We tell you all this because we’ve just squeaked back from midnight mass. It’s supposed to be the Snowstorm of the Century, and for our money the year we had the ice quakes was worse. Okay, so It’s -10 feeling colder out, but the snow has stopped and that first year we moved back it stuck stubbornly at -30 all December. In fact, we walked home from Mass in -30 that year. It wasn’t ideal.

But all that aside, we’re thawing to a late-night cup of Sugerplum Fairy. You’re thinking this is a herbal plum tea, aren’t you? So were we. But it’s pears. Yes, yes, we know. Sugarplum but flavoured with pear. Look, we just report the facts. We don’t try to explain the logic of the eponymous David. Quite honestly, he feels weirdly God-like when we write this blog, in an Old Testament sort of way. A bit whimsical, a bit judgmental, and prone to totally inexplicable decisions. Like naming a tea centred around pears after the Sugarplum Fairy. You think they’d at least pick the dance of the dancing pears from The Nutcracker for this, yes?

  There’s a hint of Christmas spices here, but it’s predominantly a sweet tea. We think it could be a really lovely green tea – the tannin would balance out the sweetness nicely.

Speaking of, that’s 24 days of no green tea. We did discover over breakfast, when we drank Santa’s Secret properly, that it was a green-black hybrid, but we’re not sure that counts. Talk about bizarre decisions.

But you know what they didn’t do this year? They didn’t do that awful coffee-tea hybrid thing we always end up ranting about. You didn’t notice, did you? We never once had to lecture David and Co on how coffee isn’t tea and never the twain shall meet. Is it possible someone reads this blog?

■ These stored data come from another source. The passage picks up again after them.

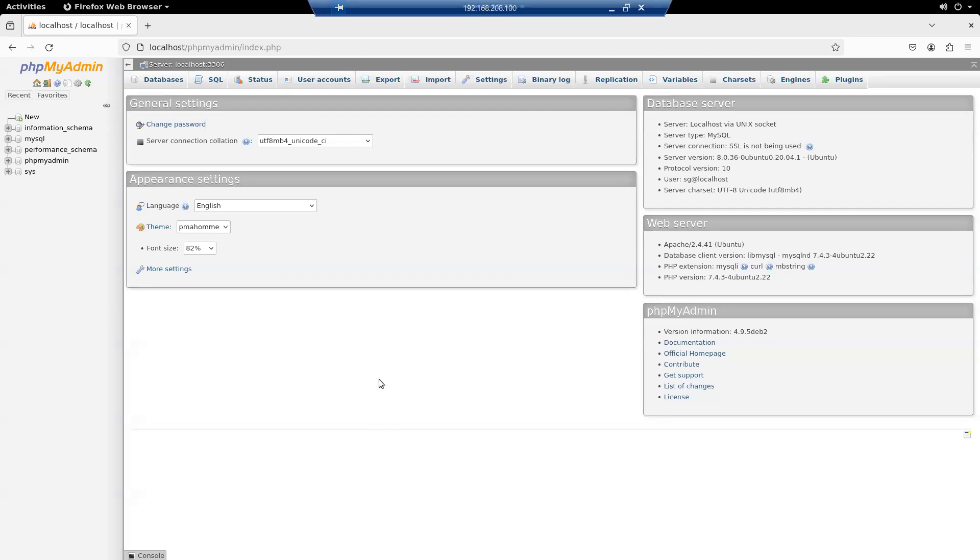Hi, Steve Gale here. In this video, I'm going to demonstrate configuring MySQL for remote management.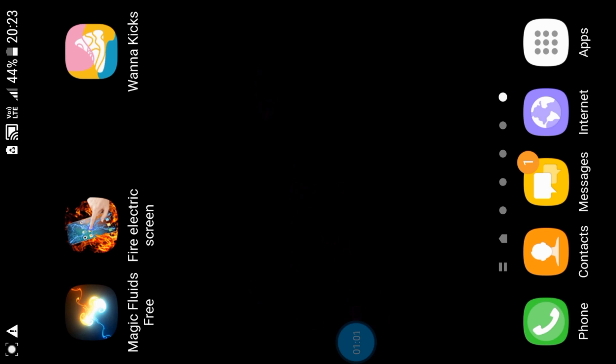If you liked the priv card of Amazon, you will get this app. This is the information on Amazon.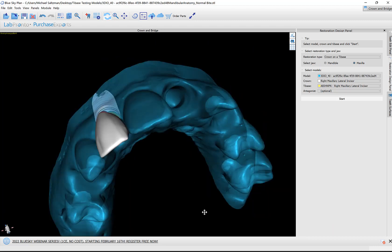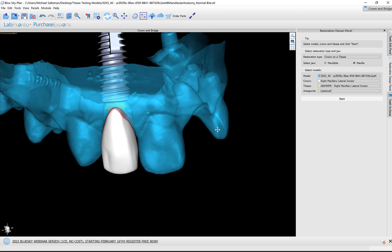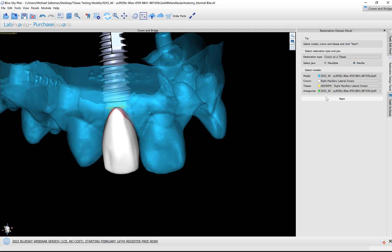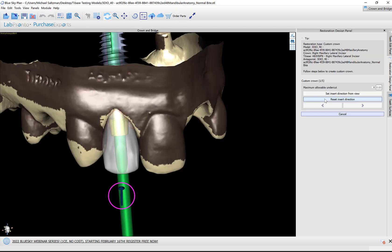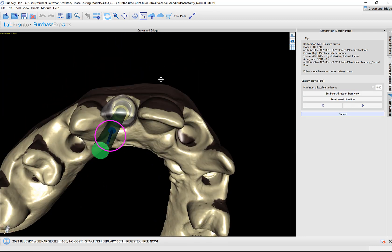Let's go ahead now and switch to our restoration design panel. Restoration design panel: crown on a tie base, which is what we're doing. Maxilla—confirm the settings here: mandible crown, tie base. We could select the opposing arch and then we're going to click Start. We have a very simple and short five-step process to turn the tooth into a crown.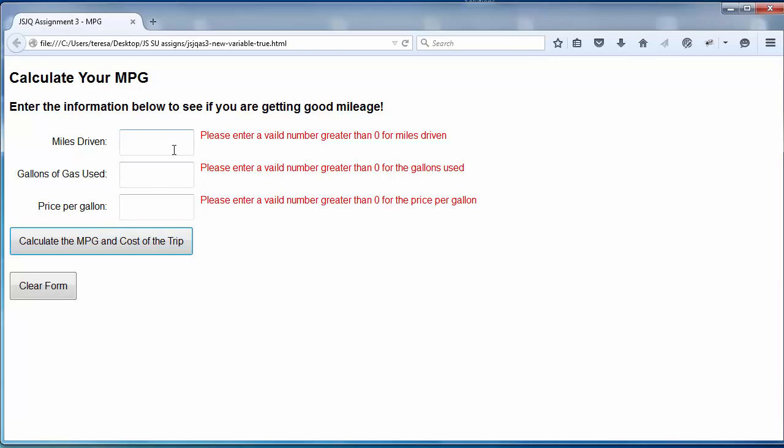Now, in the event that I put a valid number in there, and I click it, and I click again, the first error message will disappear. The other ones will stay there.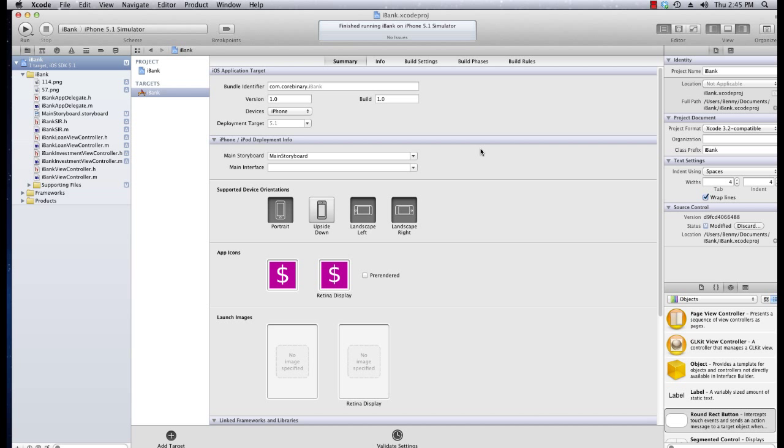It's Benny Johnson and welcome back for another iOS development tutorial. In this tutorial I'm actually going to show you how to make launch images.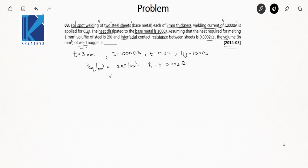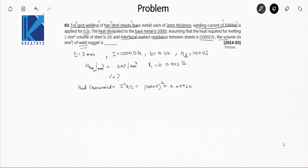First I will calculate the heat generated using the formula I²RT — a very basic formula from electrical engineering. That gives us 1000² × 0.0002 × 0.2 seconds, and the heat generated comes out to 4000 joules.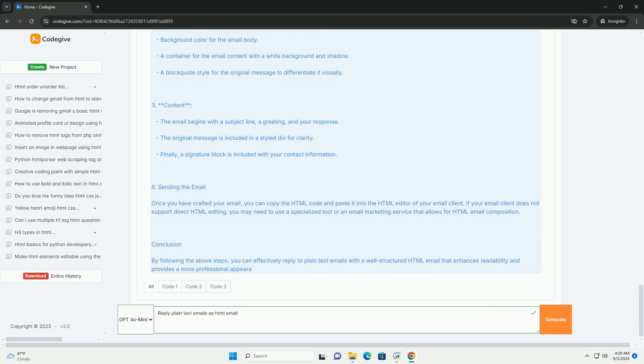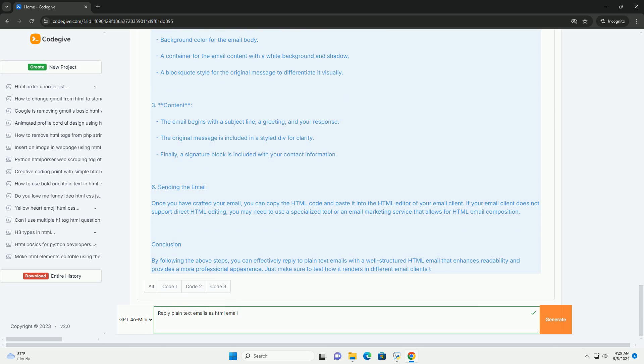Moreover, consider the recipient's preferences. Some users may prefer plain text for simplicity or may have settings that block content. Therefore, it's wise to strike a balance using HTML to enhance your message while remaining mindful of the recipient's experience.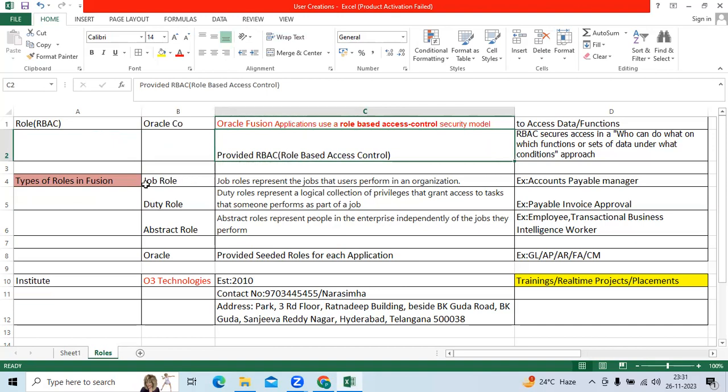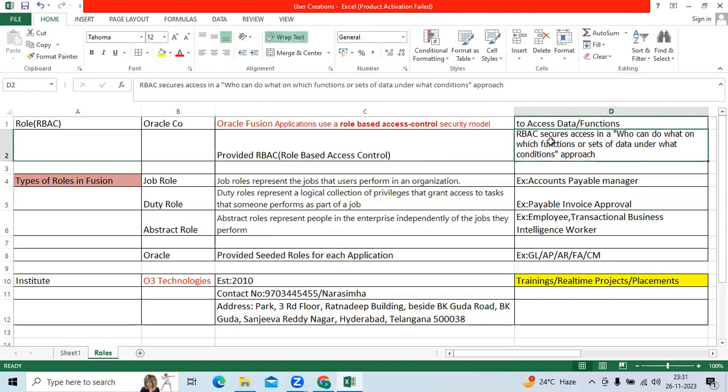To access a particular function or data, you need a user ID. The user ID must have roles, and roles can access the data and functions.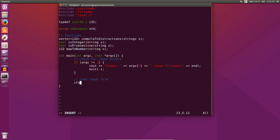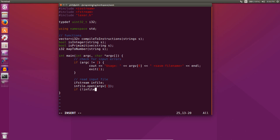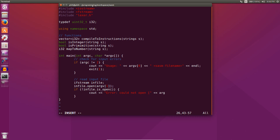Then we can go ahead and read the input file, which will create an ifstream and we'll open up the file with file.open using the first command line argument. Then we'll check if in_file was able to open successfully. If it wasn't, we will print an error and exit.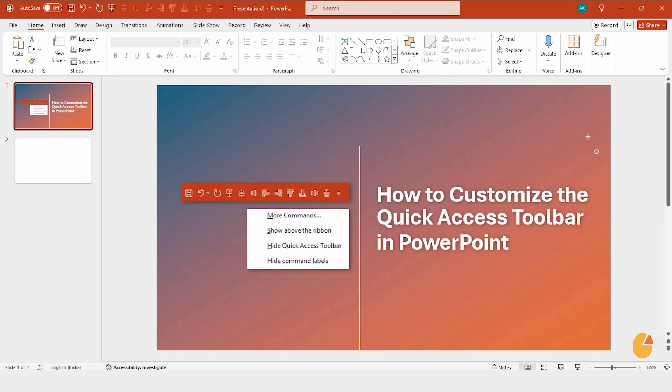Welcome to Slide Egg. Today, I'm going to show you how to customize the Quick Access Toolbar in PowerPoint. It's a simple trick, but it can really speed up your workflow.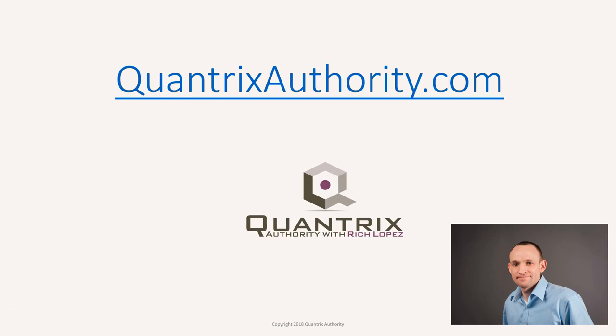I love Quantrix and I want to make you a Quantrix master. Go to QuantrixAuthority.com to learn more.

In case they do, we’d better end with something sensible. We know tonight’s tea has a Nutcracker theme, but Thomas Hardy is our tradition. Besides, no one writes a better Christmas Eve poem. We’ve said it before, and we’ll say it again. So, enjoy The Oxen.

The Oxen
Thomas Hardy

Christmas Eve, and twelve of the clock.
“Now they are all on their knees,”
An elder said as we sat in a flock
By the embers in hearthside ease.

We pictured the meek mild creatures where
They dwelt in their strawy pen,
Nor did it occur to one of us there
To doubt they were kneeling then.

So fair a fancy few would weave
In these years! Yet, I feel,
If someone said on Christmas Eve,
“Come; see the oxen kneel,

“In the lonely barton by yonder coomb
Our childhood used to know,”
I should go with him in the gloom,
Hoping it might be so.

Doesn’t he do the loveliest and most unexpected things with wordplay? It’s in the books too, but gets obscured by the sheer agony of, say, Tess. You can pay more attention to linguistic playfulness in Hardy’s poetry because he’s not always battering your heart into fine pieces. Look at the rhymes, too. He’s got a rare gift for true rhyme, and some of them are not obvious.

But enough of that. No oxen kneeling here, but Dachshunds sleeping. That’s this chorister’s cue. Happy Christmas from the Dawlish Dachshunds, the Marscahllin- Cat and the resident Chorister at Home.

Go forth and make a joyful noise, with or without descants. And drink a cup of Christmas tea for us.